Web page caption snippets
======
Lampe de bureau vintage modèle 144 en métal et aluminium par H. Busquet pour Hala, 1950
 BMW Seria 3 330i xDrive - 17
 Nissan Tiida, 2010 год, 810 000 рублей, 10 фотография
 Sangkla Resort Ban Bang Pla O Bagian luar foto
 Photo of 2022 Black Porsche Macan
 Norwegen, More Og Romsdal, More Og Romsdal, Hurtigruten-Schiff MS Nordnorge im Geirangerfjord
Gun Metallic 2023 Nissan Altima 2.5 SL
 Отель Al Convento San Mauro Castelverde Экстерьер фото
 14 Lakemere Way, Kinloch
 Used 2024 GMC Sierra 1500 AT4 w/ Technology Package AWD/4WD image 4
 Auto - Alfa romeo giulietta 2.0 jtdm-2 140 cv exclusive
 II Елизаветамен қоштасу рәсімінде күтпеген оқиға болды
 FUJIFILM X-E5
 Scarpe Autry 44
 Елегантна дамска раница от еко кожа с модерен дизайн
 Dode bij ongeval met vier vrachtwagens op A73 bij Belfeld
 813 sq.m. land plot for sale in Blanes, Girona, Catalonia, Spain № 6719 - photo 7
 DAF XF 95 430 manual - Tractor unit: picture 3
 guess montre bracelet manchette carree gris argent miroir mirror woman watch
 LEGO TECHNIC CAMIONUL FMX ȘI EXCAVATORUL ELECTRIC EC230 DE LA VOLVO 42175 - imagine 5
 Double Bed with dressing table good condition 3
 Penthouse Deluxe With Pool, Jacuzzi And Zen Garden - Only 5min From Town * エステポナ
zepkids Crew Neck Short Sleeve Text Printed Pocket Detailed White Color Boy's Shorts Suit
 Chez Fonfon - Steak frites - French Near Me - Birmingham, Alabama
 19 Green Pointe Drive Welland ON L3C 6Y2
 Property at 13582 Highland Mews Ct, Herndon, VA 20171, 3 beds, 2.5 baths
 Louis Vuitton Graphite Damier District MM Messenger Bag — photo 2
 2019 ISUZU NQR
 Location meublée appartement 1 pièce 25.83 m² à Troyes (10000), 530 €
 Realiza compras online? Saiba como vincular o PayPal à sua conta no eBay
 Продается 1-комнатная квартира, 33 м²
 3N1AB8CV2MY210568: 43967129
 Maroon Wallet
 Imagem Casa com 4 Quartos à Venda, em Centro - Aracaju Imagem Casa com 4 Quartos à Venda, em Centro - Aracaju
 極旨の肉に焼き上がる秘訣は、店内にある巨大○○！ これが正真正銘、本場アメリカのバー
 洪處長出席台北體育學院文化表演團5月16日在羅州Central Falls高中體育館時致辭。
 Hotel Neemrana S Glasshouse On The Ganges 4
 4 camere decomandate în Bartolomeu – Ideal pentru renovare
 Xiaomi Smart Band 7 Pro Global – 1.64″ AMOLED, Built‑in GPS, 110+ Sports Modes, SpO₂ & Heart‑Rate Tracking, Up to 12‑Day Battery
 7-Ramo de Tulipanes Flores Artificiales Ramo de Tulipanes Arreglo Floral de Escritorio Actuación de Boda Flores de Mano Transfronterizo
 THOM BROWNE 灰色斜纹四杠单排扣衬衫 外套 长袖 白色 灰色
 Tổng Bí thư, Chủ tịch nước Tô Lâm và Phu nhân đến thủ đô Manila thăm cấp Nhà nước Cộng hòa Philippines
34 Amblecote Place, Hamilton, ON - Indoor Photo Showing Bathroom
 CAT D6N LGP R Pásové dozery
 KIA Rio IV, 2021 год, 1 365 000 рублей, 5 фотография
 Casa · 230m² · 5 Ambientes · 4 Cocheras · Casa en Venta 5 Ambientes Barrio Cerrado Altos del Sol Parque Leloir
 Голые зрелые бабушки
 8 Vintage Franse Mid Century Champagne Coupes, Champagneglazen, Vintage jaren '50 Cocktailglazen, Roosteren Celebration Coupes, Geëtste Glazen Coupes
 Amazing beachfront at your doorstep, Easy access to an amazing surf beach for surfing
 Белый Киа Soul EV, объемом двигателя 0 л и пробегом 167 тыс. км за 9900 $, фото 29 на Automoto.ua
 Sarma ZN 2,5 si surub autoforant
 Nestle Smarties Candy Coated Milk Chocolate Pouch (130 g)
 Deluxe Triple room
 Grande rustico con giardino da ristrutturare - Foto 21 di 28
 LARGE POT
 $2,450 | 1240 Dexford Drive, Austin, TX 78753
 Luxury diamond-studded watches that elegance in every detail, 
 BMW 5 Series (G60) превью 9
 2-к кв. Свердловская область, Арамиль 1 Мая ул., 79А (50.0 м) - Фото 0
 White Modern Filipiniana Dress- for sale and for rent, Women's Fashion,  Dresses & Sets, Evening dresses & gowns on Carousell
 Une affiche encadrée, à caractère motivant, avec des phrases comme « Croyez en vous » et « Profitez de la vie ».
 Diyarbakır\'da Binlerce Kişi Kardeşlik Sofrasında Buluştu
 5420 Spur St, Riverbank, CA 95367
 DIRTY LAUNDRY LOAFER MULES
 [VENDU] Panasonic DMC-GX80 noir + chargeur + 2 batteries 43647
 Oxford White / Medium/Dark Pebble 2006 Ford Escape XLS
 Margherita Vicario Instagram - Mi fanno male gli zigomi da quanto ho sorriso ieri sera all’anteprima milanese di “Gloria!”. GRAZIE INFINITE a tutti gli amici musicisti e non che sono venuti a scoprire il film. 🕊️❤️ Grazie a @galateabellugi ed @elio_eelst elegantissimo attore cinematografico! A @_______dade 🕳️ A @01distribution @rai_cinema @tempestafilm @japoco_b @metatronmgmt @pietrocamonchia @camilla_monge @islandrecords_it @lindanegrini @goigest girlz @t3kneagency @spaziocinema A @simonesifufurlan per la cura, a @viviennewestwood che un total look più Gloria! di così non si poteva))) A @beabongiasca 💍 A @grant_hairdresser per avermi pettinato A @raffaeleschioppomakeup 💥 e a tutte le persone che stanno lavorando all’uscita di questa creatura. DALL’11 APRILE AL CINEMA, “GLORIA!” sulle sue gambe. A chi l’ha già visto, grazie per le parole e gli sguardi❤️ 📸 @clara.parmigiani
======
With both ends included, please retype exactly the lines from the line containing "2-к кв. Свердловская" to the final line of the data.

= TASK RESULT =
 2-к кв. Свердловская область, Арамиль 1 Мая ул., 79А (50.0 м) - Фото 0
 White Modern Filipiniana Dress- for sale and for rent, Women's Fashion,  Dresses & Sets, Evening dresses & gowns on Carousell
 Une affiche encadrée, à caractère motivant, avec des phrases comme « Croyez en vous » et « Profitez de la vie ».
 Diyarbakır\'da Binlerce Kişi Kardeşlik Sofrasında Buluştu
 5420 Spur St, Riverbank, CA 95367
 DIRTY LAUNDRY LOAFER MULES
 [VENDU] Panasonic DMC-GX80 noir + chargeur + 2 batteries 43647
 Oxford White / Medium/Dark Pebble 2006 Ford Escape XLS
 Margherita Vicario Instagram - Mi fanno male gli zigomi da quanto ho sorriso ieri sera all’anteprima milanese di “Gloria!”. GRAZIE INFINITE a tutti gli amici musicisti e non che sono venuti a scoprire il film. 🕊️❤️ Grazie a @galateabellugi ed @elio_eelst elegantissimo attore cinematografico! A @_______dade 🕳️ A @01distribution @rai_cinema @tempestafilm @japoco_b @metatronmgmt @pietrocamonchia @camilla_monge @islandrecords_it @lindanegrini @goigest girlz @t3kneagency @spaziocinema A @simonesifufurlan per la cura, a @viviennewestwood che un total look più Gloria! di così non si poteva))) A @beabongiasca 💍 A @grant_hairdresser per avermi pettinato A @raffaeleschioppomakeup 💥 e a tutte le persone che stanno lavorando all’uscita di questa creatura. DALL’11 APRILE AL CINEMA, “GLORIA!” sulle sue gambe. A chi l’ha già visto, grazie per le parole e gli sguardi❤️ 📸 @clara.parmigiani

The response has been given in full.